Что же двигало мучениками, когда они произносили эти развернутые речи? Пытались ли они опровергнуть выдвинутые против них обвинения, смягчить свою участь или обратить к истинной вере своих слушателей? Очевидно, нет59. В отличие от первой речи Аполлония, где еще можно увидеть попытку прийти к какому-то компромиссу (Поклянись удачей Коммода Мы молимся Богу за царствующего Коммода), вторая полностью проникнута полемическим задором. Так как вопрос спасения жизни не стоит, Аполлоний и Пионий намного меньше скованы ролевой моделью обвиняемого, чем их оппоненты судьи. Ключ к пониманию целей Аполлония может дать его стратегия аргументации: он использует те положения античной философии, что согласуются с учением христиан, и те аспекты христианского учения, что не вызовут протестов у язычников. Аполлоний тщательно выбирает объекты для критики, он нападает на египетских богов, но, находясь в сенате, ничего не говорит о традиционных римских божествах, а когда мученик затрагивает обожествленных людей, то ни слова не произносит об императорском культе. Аполлоний обращается прежде всего к язычникам и говорит то, что не вызовет отторжения у них. Как показал Г. Роскам, речь Аполлония и его манера поведения должны были продемонстрировать аудитории, что не все христиане были маргинальными деклассированными элементами, как считалось, а среди них были образованные люди, готовые отстаивать свои взгляды так, как подобает римскому аристократу60. Аполлоний, в отличие от других мучеников, не светится от счастья, когда идет на суд (Mart. Pol., 12, 1; Mart. Carpi lat, 4, 3; Eus. HE, V, 1, 35; 63; Mart. Perp., 18, 3 et al.), но на протяжении всего процесса ведет себя достойно и сдержанно, как настоящий римлянин, принявший осознанное решение умереть за свои убеждения.

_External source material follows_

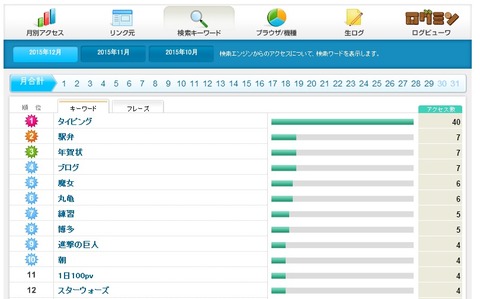 20151229_blogwordtop10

Перед Пионием, пресвитером смирнской церкви, стояли в чем-то сходные цели, но добиться их было намного труднее из-за того, что его аудитория крайне неоднородна, на агоре собрались самые разные люди, и ему приходилось говорить языком, приемлемым и понятным и для риторов, и для рыночных дельцов, и для обычных горожан. В первой речи он попытался объяснить язычникам и иудеям, что не стоит заставлять христиан приносить жертвы чужим богам и смеяться над теми, кто это сделал; при этом, как и в случае Аполлония, нет выпадов против имеющего символическое значение для Смирны храма двух Немезид или императорского культа. Как мы уже отметили, основной объект критики Пиония иудеи, и иной раз возникает ощущение того, что он, уделяя им непропорционально большое внимание в речи, обращенной ко всем, кто собрался на агоре, пытается расколоть единый антихристианский порыв, захлестнувший Смирну. Еще одним результатом этой полемики должно стать понимание того, что христиане не должны перебегать к иудеям, спасаясь от гонений. Этому специально посвящена вторая речь пресвитера, произнесенная в тюрьме перед пришедшими к нему верующими, как устоявшими во время гонения, так и отступниками. Цель Пиония сохранить общину, ослабленную отступничеством епископа Евктемона, отсюда и дарование надежды на прощение отступникам, и наставления не поддаваться искушению, не предавать друг друга и не слушать врагов веры. Юридическим тонкостям здесь отведено большее место, чем в рассказе об Аполлонии, но Пионий не пытается спасти жизнь, а лишь требует соблюдать правильную судебную процедуру и не заставлять христиан силой совершать жертву: Вы сами нарушаете свои законы: приказано наказывать, а не принуждать! (Mart. Pionii, 16, 6)61.